# YOUR GOAL
Output only the lines of the entries that follow, starting at the one with "Houston Texas - Retro" and running down to the one with "Waleaf Wicker Dog", both included and unchanged.

# TASK INPUTS
##############################

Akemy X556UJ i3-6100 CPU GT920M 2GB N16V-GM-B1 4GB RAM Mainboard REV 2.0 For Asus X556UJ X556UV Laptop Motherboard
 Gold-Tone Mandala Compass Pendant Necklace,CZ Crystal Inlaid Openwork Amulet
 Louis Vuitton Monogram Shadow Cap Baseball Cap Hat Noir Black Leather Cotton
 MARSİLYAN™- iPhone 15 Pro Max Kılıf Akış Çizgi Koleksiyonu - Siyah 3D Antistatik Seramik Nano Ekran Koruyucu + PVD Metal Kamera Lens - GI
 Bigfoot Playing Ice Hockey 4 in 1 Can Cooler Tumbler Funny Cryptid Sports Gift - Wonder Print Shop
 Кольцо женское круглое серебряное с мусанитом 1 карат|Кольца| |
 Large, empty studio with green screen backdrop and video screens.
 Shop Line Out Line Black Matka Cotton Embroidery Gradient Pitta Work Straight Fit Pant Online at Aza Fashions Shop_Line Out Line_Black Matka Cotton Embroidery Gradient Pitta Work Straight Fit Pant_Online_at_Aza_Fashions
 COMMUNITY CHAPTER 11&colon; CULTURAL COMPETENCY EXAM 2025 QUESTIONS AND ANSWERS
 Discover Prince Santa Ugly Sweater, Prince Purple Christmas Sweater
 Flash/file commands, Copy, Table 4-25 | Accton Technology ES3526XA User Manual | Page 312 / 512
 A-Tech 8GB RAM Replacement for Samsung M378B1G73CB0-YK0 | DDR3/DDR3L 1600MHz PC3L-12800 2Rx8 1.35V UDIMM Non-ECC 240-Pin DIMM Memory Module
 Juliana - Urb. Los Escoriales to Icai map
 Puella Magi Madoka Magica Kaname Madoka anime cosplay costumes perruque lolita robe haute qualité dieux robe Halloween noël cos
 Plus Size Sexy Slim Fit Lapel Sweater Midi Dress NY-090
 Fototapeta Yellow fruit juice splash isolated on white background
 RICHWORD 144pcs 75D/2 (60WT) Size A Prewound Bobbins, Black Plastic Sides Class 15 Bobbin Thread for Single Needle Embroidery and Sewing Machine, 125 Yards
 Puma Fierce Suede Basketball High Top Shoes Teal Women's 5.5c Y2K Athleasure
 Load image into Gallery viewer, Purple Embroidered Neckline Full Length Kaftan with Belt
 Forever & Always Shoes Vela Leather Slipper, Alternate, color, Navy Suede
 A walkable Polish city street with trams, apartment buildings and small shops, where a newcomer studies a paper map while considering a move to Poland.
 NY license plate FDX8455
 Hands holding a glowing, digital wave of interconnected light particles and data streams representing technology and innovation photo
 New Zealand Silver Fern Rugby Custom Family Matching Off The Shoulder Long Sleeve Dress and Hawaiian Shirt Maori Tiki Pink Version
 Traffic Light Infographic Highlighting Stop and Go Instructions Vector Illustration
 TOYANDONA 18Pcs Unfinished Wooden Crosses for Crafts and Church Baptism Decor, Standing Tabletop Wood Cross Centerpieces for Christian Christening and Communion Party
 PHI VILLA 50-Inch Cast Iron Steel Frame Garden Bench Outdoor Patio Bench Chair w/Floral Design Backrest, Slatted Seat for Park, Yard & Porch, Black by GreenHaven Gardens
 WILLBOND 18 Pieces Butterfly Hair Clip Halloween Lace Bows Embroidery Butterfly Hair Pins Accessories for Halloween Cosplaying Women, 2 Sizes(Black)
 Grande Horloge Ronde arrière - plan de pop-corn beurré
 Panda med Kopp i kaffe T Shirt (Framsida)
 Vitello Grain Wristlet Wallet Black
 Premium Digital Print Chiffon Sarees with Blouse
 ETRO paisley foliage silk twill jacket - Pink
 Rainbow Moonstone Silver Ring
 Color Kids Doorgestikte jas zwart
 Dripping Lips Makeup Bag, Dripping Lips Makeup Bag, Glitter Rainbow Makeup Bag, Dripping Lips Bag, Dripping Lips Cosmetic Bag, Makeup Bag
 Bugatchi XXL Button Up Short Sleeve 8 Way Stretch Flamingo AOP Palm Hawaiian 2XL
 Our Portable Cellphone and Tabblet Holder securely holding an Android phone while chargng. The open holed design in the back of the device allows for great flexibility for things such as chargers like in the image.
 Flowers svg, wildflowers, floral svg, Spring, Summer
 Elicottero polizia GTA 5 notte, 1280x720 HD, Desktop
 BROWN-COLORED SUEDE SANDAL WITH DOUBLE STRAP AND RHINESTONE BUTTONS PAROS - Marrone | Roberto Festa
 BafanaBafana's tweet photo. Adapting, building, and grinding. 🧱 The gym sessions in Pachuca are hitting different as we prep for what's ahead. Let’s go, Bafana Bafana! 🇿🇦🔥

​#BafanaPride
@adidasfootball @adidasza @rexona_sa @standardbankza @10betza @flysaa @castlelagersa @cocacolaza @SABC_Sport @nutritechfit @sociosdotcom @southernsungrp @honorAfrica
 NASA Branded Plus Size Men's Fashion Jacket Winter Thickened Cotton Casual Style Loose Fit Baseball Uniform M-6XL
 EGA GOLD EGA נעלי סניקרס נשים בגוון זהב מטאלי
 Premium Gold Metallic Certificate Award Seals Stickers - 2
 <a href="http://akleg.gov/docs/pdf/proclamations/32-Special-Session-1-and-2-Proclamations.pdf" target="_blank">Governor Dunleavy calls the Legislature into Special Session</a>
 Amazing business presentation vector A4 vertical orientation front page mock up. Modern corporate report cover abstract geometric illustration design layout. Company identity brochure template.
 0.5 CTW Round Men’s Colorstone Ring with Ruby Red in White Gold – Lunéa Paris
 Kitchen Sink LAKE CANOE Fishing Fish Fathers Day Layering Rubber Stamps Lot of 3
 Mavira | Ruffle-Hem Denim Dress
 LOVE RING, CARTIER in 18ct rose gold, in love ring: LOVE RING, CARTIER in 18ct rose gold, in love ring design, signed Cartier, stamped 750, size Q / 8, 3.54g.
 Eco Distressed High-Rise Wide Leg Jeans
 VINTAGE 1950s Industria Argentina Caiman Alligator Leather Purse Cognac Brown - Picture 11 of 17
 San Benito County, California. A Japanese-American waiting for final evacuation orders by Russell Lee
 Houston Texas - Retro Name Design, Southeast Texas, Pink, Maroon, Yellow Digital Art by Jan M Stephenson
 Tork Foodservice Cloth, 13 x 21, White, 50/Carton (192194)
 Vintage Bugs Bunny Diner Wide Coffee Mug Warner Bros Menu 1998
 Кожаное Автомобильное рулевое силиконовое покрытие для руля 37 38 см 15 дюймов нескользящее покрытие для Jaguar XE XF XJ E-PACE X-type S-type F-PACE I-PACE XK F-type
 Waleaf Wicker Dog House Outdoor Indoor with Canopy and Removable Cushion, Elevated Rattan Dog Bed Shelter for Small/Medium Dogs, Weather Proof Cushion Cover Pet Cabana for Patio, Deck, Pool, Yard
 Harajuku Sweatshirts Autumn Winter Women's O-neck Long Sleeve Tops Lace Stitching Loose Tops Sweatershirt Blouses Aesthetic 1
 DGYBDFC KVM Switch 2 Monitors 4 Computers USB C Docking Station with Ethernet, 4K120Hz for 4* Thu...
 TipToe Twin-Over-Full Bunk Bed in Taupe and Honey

##############################

# RESULT BELOW
 Houston Texas - Retro Name Design, Southeast Texas, Pink, Maroon, Yellow Digital Art by Jan M Stephenson
 Tork Foodservice Cloth, 13 x 21, White, 50/Carton (192194)
 Vintage Bugs Bunny Diner Wide Coffee Mug Warner Bros Menu 1998
 Кожаное Автомобильное рулевое силиконовое покрытие для руля 37 38 см 15 дюймов нескользящее покрытие для Jaguar XE XF XJ E-PACE X-type S-type F-PACE I-PACE XK F-type
 Waleaf Wicker Dog House Outdoor Indoor with Canopy and Removable Cushion, Elevated Rattan Dog Bed Shelter for Small/Medium Dogs, Weather Proof Cushion Cover Pet Cabana for Patio, Deck, Pool, Yard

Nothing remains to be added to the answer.